Deputy Executive Director (Jan – Dec 2016), Philippine Genome Center
PhD in Biochemistry and Molecular Biology
Mississippi State University
Areas of Current Research: Plant-Pathogen Interactions, Genomics, Genome Biology and Gene Expression and Regulation
Why are genomes the way they are? Why do they harbor elements that have no obvious function? Through what mechanism do they respond to changes in the environment or invasion by a foreign genome? These are the types of questions that we are addressing in my laboratory. Using global analytical techniques like next-generation sequencing and bioinformatics, we search for answers to these questions on genomics. Specifically, we seek to identify relevant pathways and candidate genes and loci for wet-laboratory functional analysis to further our understanding of genome function and behavior, answer hypothesis-driven questions and aid in the development of breeding tools in agriculture.

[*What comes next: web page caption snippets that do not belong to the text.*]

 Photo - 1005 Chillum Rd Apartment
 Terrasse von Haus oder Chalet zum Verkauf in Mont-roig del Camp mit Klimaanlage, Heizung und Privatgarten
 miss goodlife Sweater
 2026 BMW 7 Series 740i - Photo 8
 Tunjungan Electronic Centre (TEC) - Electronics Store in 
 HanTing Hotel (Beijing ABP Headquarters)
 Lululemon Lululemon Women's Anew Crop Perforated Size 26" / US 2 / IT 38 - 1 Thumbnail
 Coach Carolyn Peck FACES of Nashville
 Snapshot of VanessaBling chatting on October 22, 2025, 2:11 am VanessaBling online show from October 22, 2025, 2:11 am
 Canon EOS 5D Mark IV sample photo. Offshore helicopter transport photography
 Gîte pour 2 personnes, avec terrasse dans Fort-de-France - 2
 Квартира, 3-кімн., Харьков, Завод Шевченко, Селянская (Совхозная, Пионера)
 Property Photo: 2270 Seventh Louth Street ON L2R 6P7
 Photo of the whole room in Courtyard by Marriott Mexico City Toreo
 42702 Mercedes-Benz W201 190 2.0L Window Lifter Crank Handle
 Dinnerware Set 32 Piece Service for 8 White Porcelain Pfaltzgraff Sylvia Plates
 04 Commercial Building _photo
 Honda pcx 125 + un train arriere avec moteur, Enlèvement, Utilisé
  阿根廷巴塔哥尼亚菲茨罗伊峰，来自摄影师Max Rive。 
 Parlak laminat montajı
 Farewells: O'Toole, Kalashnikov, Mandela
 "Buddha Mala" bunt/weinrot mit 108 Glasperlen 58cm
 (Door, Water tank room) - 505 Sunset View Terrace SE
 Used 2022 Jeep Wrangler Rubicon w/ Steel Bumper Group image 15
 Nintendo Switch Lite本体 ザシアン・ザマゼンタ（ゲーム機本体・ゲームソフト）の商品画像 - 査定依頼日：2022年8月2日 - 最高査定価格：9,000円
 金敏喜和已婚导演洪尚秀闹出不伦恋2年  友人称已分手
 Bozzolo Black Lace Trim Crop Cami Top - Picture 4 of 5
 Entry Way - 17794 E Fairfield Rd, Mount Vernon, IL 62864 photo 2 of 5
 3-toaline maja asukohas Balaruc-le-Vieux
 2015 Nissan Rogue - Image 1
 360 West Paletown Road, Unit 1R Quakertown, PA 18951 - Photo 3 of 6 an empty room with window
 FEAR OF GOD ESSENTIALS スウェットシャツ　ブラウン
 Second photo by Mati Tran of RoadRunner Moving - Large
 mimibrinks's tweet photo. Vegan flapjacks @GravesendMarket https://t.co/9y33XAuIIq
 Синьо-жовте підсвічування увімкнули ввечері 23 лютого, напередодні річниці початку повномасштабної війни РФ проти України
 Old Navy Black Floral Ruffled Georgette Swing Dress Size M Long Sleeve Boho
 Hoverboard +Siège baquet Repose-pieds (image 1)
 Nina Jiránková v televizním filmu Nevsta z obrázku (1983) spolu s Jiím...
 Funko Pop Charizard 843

Oryza sativa and Burkholeria glumae
The interaction between Oryza sativa and Burkholeria glumae is one that has recently been observed in nature. A susceptible interaction causes bacterial panicle blight (BPB) in rice and a decrease of about 70% in rice grain yield. An overall objective of this research is to understand this interaction and to search for sources of resistance against the pathogen. Given that this is a recent occurrence (last 50-60 years), we hypothesize that sources of resistance may be found in wild species of rice. As this disease was first observed in cultivated rice, we used it to gather our preliminary results and candidate transcripts to be used for further analysis.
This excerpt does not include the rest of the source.